Deus Caritas Est. God is love. Caritas most closely means affection and , of course is the root from which comes the English word charity. In English we use the word love to cover a whole range of meanings. I love chocolate. I love my mommy. I love you. Different meanings, same word.
Most languages have different words to describe different kinds of love. In Latin caritas means affection, amor describes romantic love. Like wise in Greek, the language of the Gospel, there are different words for different kinds of love, as the Holy Father discusses in Deus Caritas Est. There is eros, which is passionate love, filius, which is brotherly love, and agape which is the all encompassing love between a husband and wife.
In today's Gospel reading, in the original Greek, different words for love are used. I've replaced the English with the Greek in the following translation. See if you can guess what it means.

When they had finished breakfast, Jesus said to Simon Peter, “Simon, son of John, do you agape me more than these?” He said to him, “Yes, Lord, you know that I filius you.” He said to him, “Feed my lambs.” He then said to him a second time, “Simon, son of John, do you agape me?” He said to him, “Yes, Lord, you know that I filius you.” He said to him, “Tend my sheep.” He said to him the third time, “Simon, son of John, do you filius me?” Peter was distressed that he had said to him a third time, “Do you love me?” and he said to him, “Lord, you know everything; you know that I filius you.” [Jesus] said to him, “Feed my sheep.
Now a deacon I know is fond of saying, "Peter, God love him, is not the sharpest pencil in the bunch."
One interpretation of the above passage relates it to Peter's three denials of Christ on the night he was betrayed. Three attestations of love to counterbalance the three denials.
This is also one of the passages that gives Peter the supremacy as the vicar of Christ, giving him authority over the Church.
But we also have to remember when this happened and what had happened just before. This was the third time that Jesus appeared to the Apostles after his resurrection. They knew he had risen, but had not yet been visited by the Holy Spirit.
So Peter, seemingly in forgetfulness of what the Lord had told him, "You will now be fishers of men," decides he is going to go fishing. They catch nothing all night, until the Lord appears on the bank, and as he had before, told Peter where to cast his net.
In this way the disciples recognized it was the Lord.

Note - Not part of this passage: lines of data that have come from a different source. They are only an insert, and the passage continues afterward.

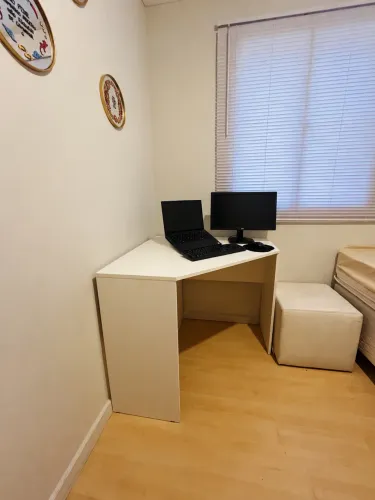 Escrivaninha Branca 100% MDF - Nova + Passa-Fios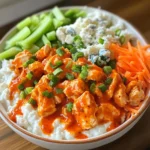 A Buffalo Chicken Cottage Cheese Bowl featuring shredded chicken coated in orange buffalo sauce over white cottage cheese, garnished with green onions, celery sticks, shredded carrots, and blue cheese crumbles.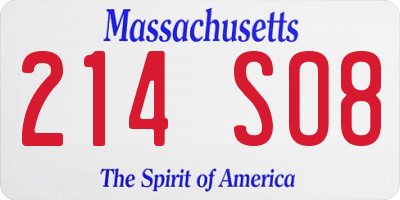 MA license plate 214SO8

So after they eat, Jesus asked Peter to attest to his love for him, but not the love of friendship. Jesus ask Peter to profess the complete love which humans only resolve for their spouse, or for God. Peter doesn't get it yet. He answers, attesting his friendship and affection. So Jesus asks again. And again Peter answers. So finally Jesus, knowing Peter is not yet ready, asks him to attest to his friendship and affection. He wants Peter's total love, but he will take his friendship, for the time.
Then Jesus prophesies.
"Amen, amen, I say to you, when you were younger, you used to dress yourself and go where you wanted; but when you grow old, you will stretch out your hands, and someone else will dress you and lead you where you do not want to go.”
Which is a description of Peter's death, on the cross.
The first reading today happens after these events. In it Peter and another disciple are called before the Sanhedrin. This time Peter does not flinch. It is after Pentecost, and he is filled with the Holy Spirit.
Eventually Peter will end up in Rome, where he will be hung upside down on a cross, perhaps the best testament to his agape.